- _Task goal_
Down to the last line, set down the material below exactly; skip the pictures.

- _Data records_
□ □ □ □
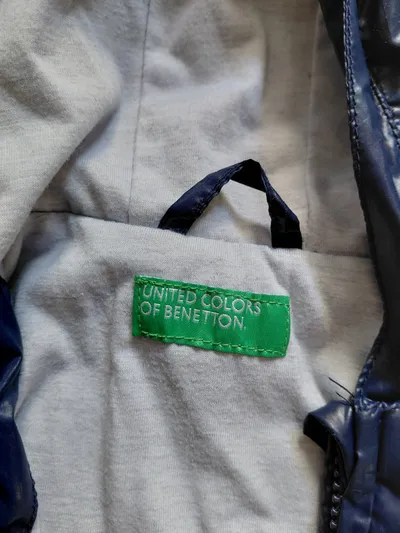 United Colors of Benetton Kinder Windjacke Jacke Blau Gr. 110 Kapuze
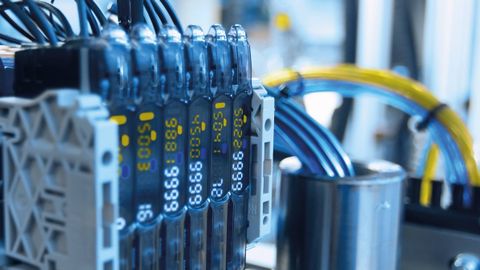 The advantages of decentralized automation are obvious: ultra-fast process control, avoidance of long cable runs and more stable networks. The advantages of decentralized automation are obvious: ultra-fast process control, avoidance of long cable runs and more stable networks.
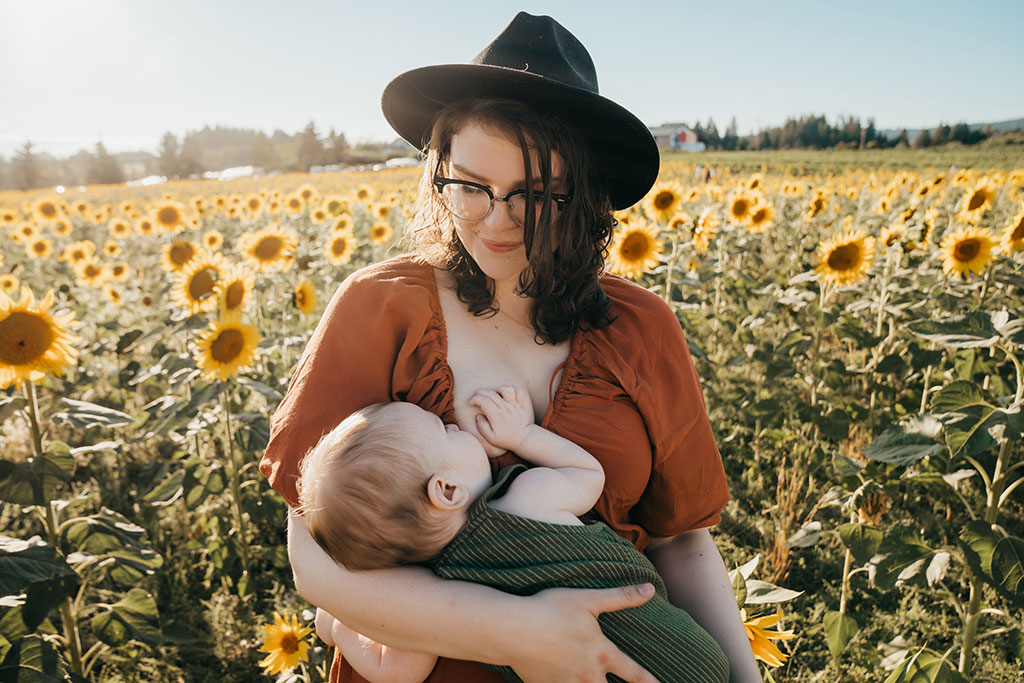 Summer sunflower family photography by Natalie Broders
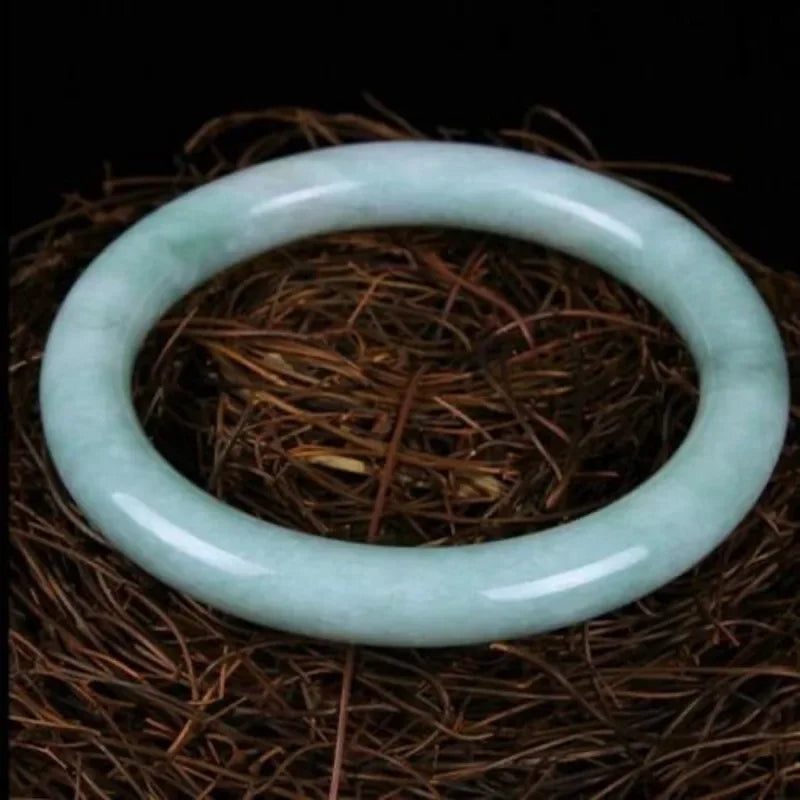 Brazalete de jade verde de 52 a 66 mm
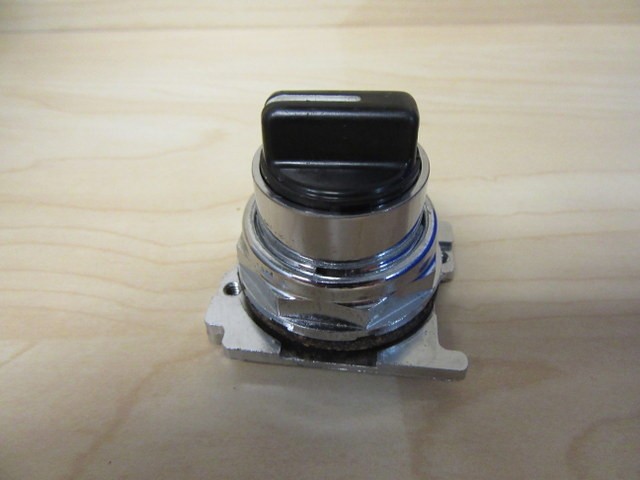 Cutler Hammer 10250T1323 Eaton Selector Switch 3 Position Cam 6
□ □ □ □
- _Response to this task_
 United Colors of Benetton Kinder Windjacke Jacke Blau Gr. 110 Kapuze
 The advantages of decentralized automation are obvious: ultra-fast process control, avoidance of long cable runs and more stable networks. The advantages of decentralized automation are obvious: ultra-fast process control, avoidance of long cable runs and more stable networks.
 Summer sunflower family photography by Natalie Broders
 Brazalete de jade verde de 52 a 66 mm
 Cutler Hammer 10250T1323 Eaton Selector Switch 3 Position Cam 6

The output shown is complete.